I instinctively wave away his pamphlet. I walk on fifty yards. I stop, turn around and trot back to get one off him. There’s something unusual about him. He doesn’t look like a pamphleteer. He looks like he’s a regular at open-air music festivals. He looks like he’s dropped a few tabs of acid in his day. I suspect he’s a vegan activist. They’ve been harassing my sheep dealer, so I’m curious to see what his, er, beef is.
I’ve totally misjudged the man.
I’ve got a vague sense of this 15-minute neighbourhood thing.
I came across it in the same place I come across all my news: the Dereham & Fakenham Times. They call it a 20-minute neighbourhood. Everything you need within a 20 minute walk or bike or something. Hopefully not bike, cos rain. The idea is that locals won’t need as many cars, perhaps they won’t need any cars. I think - or thought - it sounded like a good idea. The more fool me.
Turns out it’s another gummint plot to disenfranchise me. Again.
The pamphlet starts to make a ton of sense.
Before I get the chance to write to my MP, and google the facts and email my support to the anti-google protonmail address, I come across an article in the Dereham Times.
I don’t need to 🔫 my shot.

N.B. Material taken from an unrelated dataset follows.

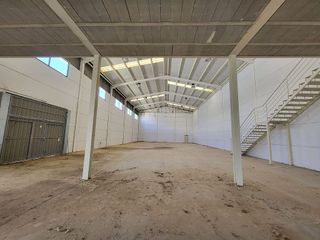 Nave industrial en venta en Renfe - Bulevar 1º y 2º Fase en Jaén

The neighbours have spoken and it’s all over for the 20-minute neighbourhood.

Various local councillors (conservative) who proposed the idea in the first place (!) now disavow the fact that they proposed it in the first place (!!).
Graham Plant (inset) has confirmed no formal work has happened over 20-minute neighbourhoods in Norfolk and ruled out low-traffic neighbourhoods.
Oh I get it. Someone floated it to test the waters and it sank.
Even the prime minister feels obliged to backpedals on the issue. If a 🚲analogy is appropriate for this pro-🚘 turnaround.
"I just want to make sure people know that I’m on their side in supporting them to use their cars to do all the things that matter to them."
Even if what matters to them is chugging at snail’s pace through the gridlocked main street of a village that was designed in the middle ages to accommodate pedestrians and the occasional donkey pulling a dung cart.
Now I’m all nostalgic for the 15/20-minute village that never was.
Or rather, used to be about 200 years ago and got modernised.
✅ It makes a lot of sense in a lot of ways. Our potentially pretty village square/green is clogged with parked cars and double decker buses. It’s a nightmare to navigate with a small child. Thin sidewalks abut single lane roads with cars and trucks rattling by. Traffic goes slow, but that means it emits more yuck. It seems smart to clear it out of the middle of the village. Given ample parking very nearby and all that.
❌ It makes zero sense in lots of ways. The age/size of the good folks of Dereham suggests a body politic that would benefit from the high street being transformed into a drive thru (great 💡 must pitch to parish council). When obliged to walk, they’re slow, halt and lame. The businesses fear the loss of their proven customer base if these good folks (and they are decent) are forced to do anything different. And they might be right.
Regardless, this whole thing has exposed me to an aspect of myself that I’m not fussed about.
It seems I’m a contrarian.
When I thought everyone was agin it, I was for it. When it turned out they might be for it, I turned agin it. Then, when it is revealed that everyone was actually agin it all along, well, I discover that I’m for it agin. I mean… Again.
Perhaps I suffer the madness of zero-sum.
👿 The madness of net zero
Could there be a compromise/ happy medium? I don’t like the idea of restricted lifestyle yet should I just carry on doing what I like when it is creating great difficulty for others? We seek reassurance that it’s going to feel better for us and help the world- possible?
The PR people need to ‘sell’ it better and we need to feel we can trust them- that’s the hard bit!